Никаких «братских» чувств, ни к западным — ни к южным, или ещё каким славянам — я не питаю и отлично знаю — что это взаимно. Поляки в качестве врага обходятся на порядок дешевле, чем в качестве союзника.

Поэтому никаких «армий» — ни Крайёвой, не Людовой… Ни генерала Андерса, ни Берлинга…

Никаких «Трёх танкистов с собакою[3]»!

Поляки вообще — извечный, ещё со времён как бы не Рюрика и наизлейший враг Государства Российского. Что там не говори, фашистам не удалось взять, разрушить и сжечь Москву. Французам это удалось, да и только.
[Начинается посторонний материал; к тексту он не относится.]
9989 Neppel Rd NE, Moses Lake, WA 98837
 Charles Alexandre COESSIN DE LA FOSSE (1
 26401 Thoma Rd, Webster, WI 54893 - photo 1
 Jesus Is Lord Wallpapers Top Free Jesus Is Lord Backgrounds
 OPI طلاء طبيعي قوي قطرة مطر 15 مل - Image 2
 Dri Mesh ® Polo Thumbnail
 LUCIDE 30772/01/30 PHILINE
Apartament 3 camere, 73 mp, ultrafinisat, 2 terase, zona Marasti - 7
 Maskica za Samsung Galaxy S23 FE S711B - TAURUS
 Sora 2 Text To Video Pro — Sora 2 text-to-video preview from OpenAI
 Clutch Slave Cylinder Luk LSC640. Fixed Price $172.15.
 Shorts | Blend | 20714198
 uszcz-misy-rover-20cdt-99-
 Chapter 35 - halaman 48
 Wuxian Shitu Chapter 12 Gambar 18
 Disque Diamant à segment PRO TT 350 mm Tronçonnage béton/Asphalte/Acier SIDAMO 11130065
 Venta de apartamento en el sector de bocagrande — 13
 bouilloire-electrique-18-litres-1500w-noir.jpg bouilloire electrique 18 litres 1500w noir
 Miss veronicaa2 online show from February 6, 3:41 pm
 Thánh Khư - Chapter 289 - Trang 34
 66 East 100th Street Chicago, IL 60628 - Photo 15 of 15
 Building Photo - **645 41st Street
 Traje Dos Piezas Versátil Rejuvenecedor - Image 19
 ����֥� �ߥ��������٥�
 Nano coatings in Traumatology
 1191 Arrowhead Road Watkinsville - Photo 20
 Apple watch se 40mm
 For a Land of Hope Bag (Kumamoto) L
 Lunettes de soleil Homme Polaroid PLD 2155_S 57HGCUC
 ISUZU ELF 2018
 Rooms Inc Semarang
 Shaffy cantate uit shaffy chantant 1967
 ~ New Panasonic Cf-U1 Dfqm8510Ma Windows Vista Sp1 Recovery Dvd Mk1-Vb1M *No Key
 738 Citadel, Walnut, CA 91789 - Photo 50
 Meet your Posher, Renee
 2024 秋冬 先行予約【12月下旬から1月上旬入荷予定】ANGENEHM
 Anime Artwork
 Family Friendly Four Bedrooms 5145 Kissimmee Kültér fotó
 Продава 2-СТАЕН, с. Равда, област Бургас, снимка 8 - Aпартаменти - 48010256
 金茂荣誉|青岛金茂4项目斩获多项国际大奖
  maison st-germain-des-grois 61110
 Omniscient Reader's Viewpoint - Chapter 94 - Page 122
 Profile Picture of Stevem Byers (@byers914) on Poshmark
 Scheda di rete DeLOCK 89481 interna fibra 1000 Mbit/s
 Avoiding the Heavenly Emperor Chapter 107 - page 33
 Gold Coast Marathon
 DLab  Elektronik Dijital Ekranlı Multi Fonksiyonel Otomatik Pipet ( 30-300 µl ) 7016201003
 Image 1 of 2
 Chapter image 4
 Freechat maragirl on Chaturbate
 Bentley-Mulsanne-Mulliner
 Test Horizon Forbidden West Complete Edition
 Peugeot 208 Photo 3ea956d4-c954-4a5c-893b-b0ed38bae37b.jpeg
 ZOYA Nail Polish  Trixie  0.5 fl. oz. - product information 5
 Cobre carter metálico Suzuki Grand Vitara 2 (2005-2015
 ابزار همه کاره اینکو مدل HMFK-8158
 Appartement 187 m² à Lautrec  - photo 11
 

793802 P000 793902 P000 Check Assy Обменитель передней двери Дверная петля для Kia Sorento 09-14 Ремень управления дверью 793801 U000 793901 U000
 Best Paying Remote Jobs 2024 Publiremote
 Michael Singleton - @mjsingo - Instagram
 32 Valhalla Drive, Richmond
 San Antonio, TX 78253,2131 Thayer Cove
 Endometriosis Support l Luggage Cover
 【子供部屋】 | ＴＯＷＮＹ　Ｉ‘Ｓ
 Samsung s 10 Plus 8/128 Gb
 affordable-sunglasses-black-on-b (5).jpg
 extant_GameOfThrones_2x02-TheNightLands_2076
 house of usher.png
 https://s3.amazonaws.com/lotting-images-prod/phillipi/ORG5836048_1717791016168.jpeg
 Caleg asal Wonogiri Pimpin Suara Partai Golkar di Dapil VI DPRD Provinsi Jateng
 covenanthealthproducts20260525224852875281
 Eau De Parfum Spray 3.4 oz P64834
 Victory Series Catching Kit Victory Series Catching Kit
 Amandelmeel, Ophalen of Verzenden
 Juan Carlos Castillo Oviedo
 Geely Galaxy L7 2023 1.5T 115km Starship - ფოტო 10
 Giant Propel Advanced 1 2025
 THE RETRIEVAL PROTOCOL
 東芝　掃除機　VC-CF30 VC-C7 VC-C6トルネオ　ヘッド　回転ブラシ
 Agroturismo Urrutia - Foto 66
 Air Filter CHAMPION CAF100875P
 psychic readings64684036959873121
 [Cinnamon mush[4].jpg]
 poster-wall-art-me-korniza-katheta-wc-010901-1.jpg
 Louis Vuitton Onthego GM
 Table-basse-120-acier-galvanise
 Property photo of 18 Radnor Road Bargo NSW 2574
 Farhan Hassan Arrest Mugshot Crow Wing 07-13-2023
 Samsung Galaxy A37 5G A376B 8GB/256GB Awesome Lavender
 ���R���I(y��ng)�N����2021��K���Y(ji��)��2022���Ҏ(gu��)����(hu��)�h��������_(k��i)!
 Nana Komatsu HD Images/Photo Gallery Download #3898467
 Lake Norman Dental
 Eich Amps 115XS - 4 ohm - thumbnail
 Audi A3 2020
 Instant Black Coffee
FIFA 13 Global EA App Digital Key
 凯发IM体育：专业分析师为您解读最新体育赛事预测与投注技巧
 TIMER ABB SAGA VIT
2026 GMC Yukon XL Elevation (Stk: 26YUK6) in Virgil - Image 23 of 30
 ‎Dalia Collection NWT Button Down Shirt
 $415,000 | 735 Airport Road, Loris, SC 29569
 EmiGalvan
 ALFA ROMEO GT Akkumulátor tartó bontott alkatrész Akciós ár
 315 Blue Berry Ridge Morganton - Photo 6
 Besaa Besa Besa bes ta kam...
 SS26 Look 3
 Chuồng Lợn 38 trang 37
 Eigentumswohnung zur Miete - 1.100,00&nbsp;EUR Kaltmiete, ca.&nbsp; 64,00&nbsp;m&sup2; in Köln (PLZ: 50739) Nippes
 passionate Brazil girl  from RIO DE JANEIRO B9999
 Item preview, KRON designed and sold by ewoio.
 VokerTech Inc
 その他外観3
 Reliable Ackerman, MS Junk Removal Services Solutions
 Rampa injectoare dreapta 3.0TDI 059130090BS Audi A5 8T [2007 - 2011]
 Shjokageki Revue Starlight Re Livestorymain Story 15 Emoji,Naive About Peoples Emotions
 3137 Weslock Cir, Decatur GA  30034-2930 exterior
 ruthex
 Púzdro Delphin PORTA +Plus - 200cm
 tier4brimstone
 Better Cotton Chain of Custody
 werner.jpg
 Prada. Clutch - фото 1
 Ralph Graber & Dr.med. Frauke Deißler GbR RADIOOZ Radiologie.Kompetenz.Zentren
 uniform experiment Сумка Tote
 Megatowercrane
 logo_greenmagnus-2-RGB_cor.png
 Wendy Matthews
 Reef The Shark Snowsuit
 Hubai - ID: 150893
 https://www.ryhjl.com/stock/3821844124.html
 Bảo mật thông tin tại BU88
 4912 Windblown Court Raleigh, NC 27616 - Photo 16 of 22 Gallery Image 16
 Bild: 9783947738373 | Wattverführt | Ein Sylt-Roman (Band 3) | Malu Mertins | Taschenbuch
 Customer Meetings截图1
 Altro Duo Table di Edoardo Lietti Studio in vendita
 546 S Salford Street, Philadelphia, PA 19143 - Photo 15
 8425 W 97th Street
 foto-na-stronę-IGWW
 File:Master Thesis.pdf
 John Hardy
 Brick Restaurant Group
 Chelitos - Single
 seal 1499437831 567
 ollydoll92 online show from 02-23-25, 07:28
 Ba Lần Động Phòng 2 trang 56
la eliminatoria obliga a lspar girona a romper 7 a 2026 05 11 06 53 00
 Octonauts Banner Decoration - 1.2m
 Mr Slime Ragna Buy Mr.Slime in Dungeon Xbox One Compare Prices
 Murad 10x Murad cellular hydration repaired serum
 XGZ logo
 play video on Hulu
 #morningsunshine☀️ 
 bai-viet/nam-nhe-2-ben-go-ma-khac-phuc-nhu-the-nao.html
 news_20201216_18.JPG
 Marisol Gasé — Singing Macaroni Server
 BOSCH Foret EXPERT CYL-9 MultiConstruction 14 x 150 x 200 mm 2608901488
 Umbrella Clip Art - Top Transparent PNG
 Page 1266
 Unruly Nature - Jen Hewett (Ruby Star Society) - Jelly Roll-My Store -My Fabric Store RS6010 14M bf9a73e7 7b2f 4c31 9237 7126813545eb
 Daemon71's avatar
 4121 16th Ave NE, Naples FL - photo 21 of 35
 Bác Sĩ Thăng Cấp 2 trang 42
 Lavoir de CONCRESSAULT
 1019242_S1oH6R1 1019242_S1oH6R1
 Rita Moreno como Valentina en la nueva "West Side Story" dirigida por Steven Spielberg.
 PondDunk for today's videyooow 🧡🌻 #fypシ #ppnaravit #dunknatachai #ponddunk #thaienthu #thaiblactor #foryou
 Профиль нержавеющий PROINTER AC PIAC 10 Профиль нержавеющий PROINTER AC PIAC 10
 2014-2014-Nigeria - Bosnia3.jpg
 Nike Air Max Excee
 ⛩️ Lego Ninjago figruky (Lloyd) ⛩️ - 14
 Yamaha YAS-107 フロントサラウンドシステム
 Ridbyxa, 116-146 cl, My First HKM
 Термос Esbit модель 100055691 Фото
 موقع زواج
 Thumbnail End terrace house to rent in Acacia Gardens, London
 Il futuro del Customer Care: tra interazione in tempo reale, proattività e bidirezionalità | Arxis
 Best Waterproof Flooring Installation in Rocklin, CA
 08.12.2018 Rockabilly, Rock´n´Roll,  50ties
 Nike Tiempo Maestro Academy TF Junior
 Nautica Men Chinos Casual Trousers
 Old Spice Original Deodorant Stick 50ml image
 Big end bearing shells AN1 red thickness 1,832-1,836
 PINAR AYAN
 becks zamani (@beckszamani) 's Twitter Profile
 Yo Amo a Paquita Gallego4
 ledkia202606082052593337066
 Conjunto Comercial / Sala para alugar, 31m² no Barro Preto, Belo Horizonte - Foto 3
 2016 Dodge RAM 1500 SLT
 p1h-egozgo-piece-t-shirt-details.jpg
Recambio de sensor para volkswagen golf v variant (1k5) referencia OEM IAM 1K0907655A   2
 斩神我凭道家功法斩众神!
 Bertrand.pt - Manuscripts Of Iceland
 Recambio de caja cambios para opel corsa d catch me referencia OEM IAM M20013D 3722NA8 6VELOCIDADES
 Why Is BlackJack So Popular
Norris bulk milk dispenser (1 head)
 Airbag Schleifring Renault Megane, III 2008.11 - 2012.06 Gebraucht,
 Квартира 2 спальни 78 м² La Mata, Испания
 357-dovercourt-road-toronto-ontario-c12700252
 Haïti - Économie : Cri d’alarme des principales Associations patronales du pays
Чёртовы ляхи же, не только захватили и сожгли Первопрестольную во времена Смутного времени — но и больше года в ней сидели. Даже не пытаясь управлять завоёванной страной — а откровенно грабя и опустошая её… И, делали это они так основательно, что долго ещё словами Нестора-борзопица:

«Тогда по Руской земли ретко ратаеве кикахуть,

нъ часто врани граяхуть,

трупиа себе деляче,

а галици свою речь говоряхуть,

хотять полетети на уедие».

«Татары», «Батый», «Иго», «Золотая Орда»?

Три раза: ХАХАХА!!!

И пламенный привет составителям ЕГЭ.

Для меня татары — первые (и возможно единственные) в это части Галактике союзники для русских, а Батый — кто угодно, но только не монгол. Трёхсотлетнее Иго, в истории страны было только одно и, было оно отнюдь не «монголо-татарским» — а романовским. Золотая Орда же — великая евроазиатская империя, в которую Московия входила как государство-вассал…

Средневековый феодализм, мать его!

В своё время и, кстати — это было не так уж и давно, Пруссия была вассалом Ржечи Посполитной и что?

Хоть кого-то из современных германцев это напрягает?

Так что для меня что фашист, что поляк — понятия практически равнозначные. То, что они в данный момент сцепились меж собой — так это явление случайное и обусловленное двумя субъективными факторами: польской спесью и германской самовлюблённой тупостью.

И была бы у меня такая возможность (а может всё же появится?) я бы обе эти нации переселил бы подальше от наших границ…

Куда-нибудь за Атлантический океан!

Однако, бодливому попаданцу, Бог (или кто там так «играется»?) Бог рогов не даёт!

Однако, появилась проблема: до сих пор ещё живые поляки на подотчётной мне территории… Недоработал Реципиент, а мне теперь парь мозги — как будто больше их парить нечем.

Я б конечно, их всех загнал в овраг и не разбирая — кто там офицер, кто рядовой — из пулемёта…

Сам бы за «Максим» встал.

Однако, политика!

Чтоб добрый дядюшка Рузвельт подгонял мне «ништяки» и Черчиллю это делать советовал — резкие движения противопоказаны.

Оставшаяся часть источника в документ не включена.